▶ Work required
Write out the whole listing below so that every line matches exactly.

▶ Supplied data

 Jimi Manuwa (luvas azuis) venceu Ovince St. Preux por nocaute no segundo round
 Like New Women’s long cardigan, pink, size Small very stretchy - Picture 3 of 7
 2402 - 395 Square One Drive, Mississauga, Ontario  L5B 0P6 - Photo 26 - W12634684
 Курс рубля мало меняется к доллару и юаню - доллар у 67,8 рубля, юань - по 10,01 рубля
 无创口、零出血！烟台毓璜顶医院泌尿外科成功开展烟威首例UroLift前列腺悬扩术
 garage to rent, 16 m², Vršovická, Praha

▶ Exercise result
 Jimi Manuwa (luvas azuis) venceu Ovince St. Preux por nocaute no segundo round
 Like New Women’s long cardigan, pink, size Small very stretchy - Picture 3 of 7
 2402 - 395 Square One Drive, Mississauga, Ontario  L5B 0P6 - Photo 26 - W12634684
 Курс рубля мало меняется к доллару и юаню - доллар у 67,8 рубля, юань - по 10,01 рубля
 无创口、零出血！烟台毓璜顶医院泌尿外科成功开展烟威首例UroLift前列腺悬扩术
 garage to rent, 16 m², Vršovická, Praha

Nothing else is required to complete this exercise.